Vie pratique

Deux semaines à peine que la rentrée a sonné, et nous voilà déjà sur les rotules ! Le monde ne cesse d’accélérer, tandis que chacun·e court derrière ce temps qui semble sans cesse s’amenuir. Et si la solution, c’était de décélérer ?
« On est que début septembre, mais j’ai un ressenti mi-novembre », les mots du dernier sketch de l’humoriste Véronique Gallo sonnent justes : nos agendas ont recommencé à hurler. D’ailleurs, aviez-vous remarqué que la réponse au traditionnel « Ça va ? » n’était plus « Ça va ! », mais « Fatigué·e ! » ? Pourtant, et c’est assez paradoxal, selon la dernière enquête StatBel sur le temps libre, nous dormons et nous reposons en moyenne neuf heures par jour. Ce qui fait du repos notre activité principale.
« En moyenne, on a gagné deux heures de repos.
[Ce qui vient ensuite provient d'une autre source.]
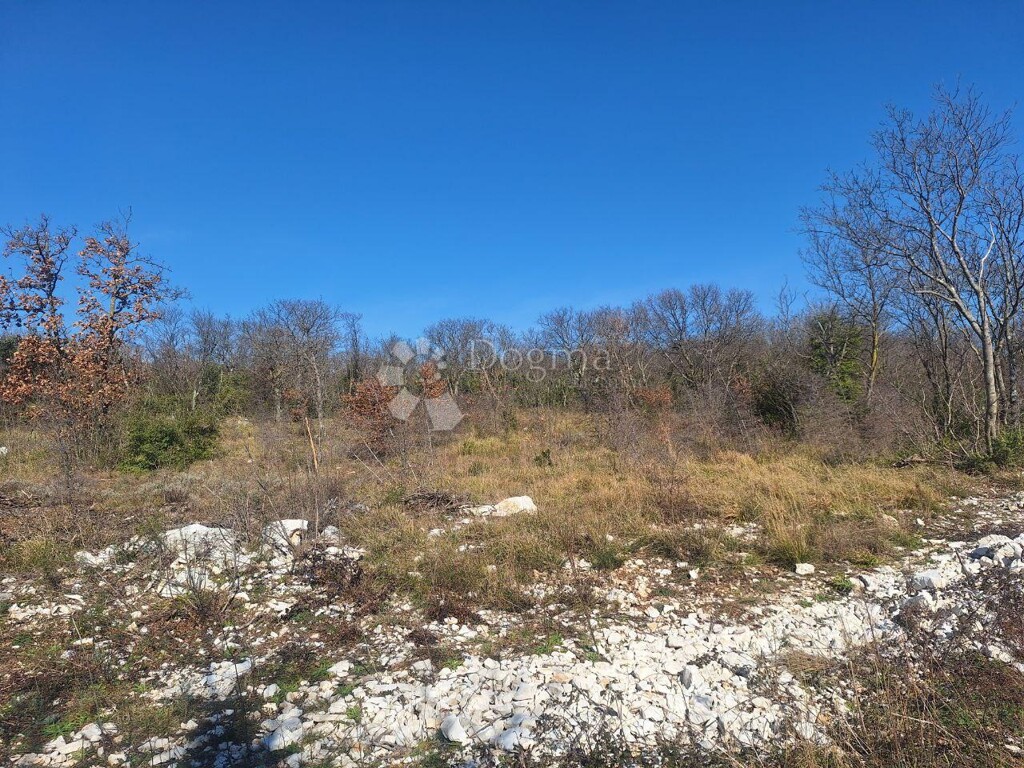 Image 6242972 - 7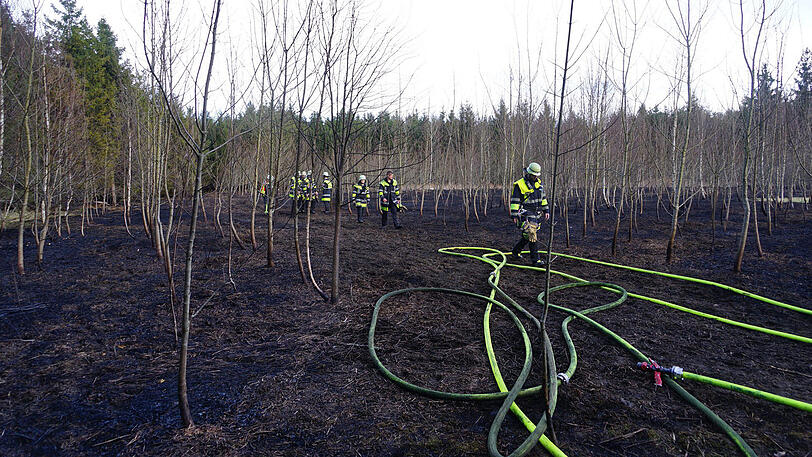 Auch am Mittwoch ist wieder Reitgras in Brand geraten - was nach Angaben der Feuerwehr nicht einfach so passiert.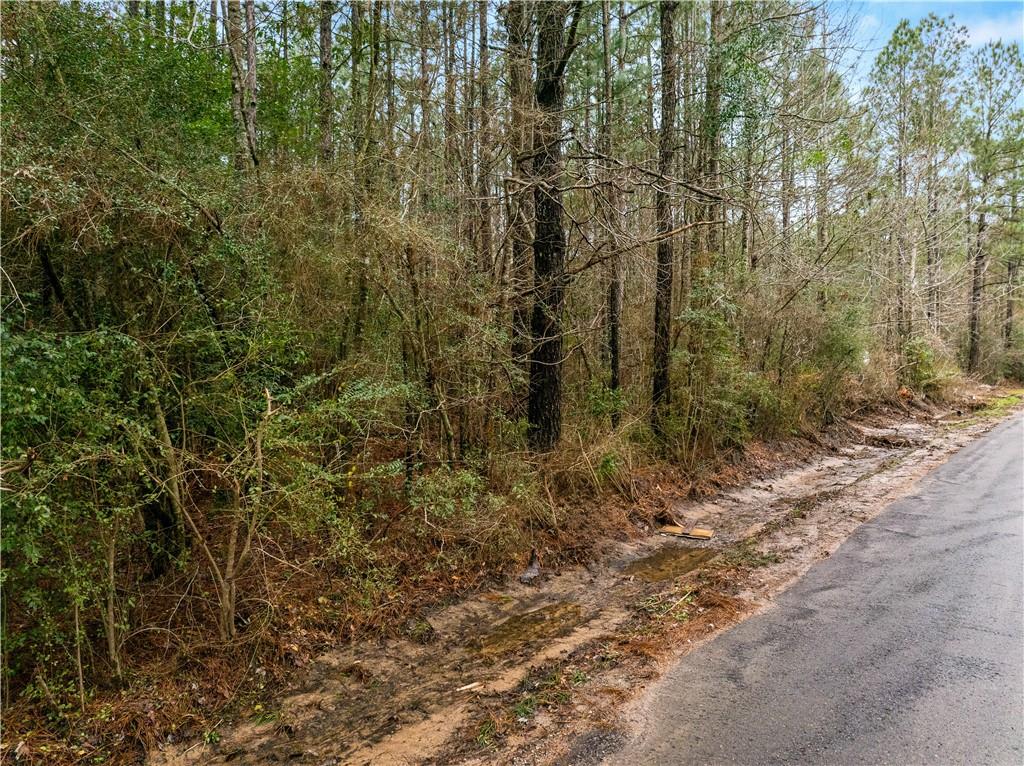 Lot 4 Avon Willis Road Oakdale, LA 71463 - Photo 17 of 19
Mais qu’a-t-on fait de ses deux heures ?, interroge Aboude Adhami, psychothérapeute, auteur et interprète de la conférence-spectacle L’Accélération du Temps. On aurait pu imaginer qu’on joue et construise plus de choses avec nos enfants, que l’on porte notre intérêt sur des choses nouvelles, comme apprendre à peindre ou à jouer d’un instrument de musique. En réalité, nous sommes tombés dans l’impératif. Le ‘Il faut’. Nous avons beaucoup d’infos, de mails, de sms… auxquels nous sommes sommés de répondre. »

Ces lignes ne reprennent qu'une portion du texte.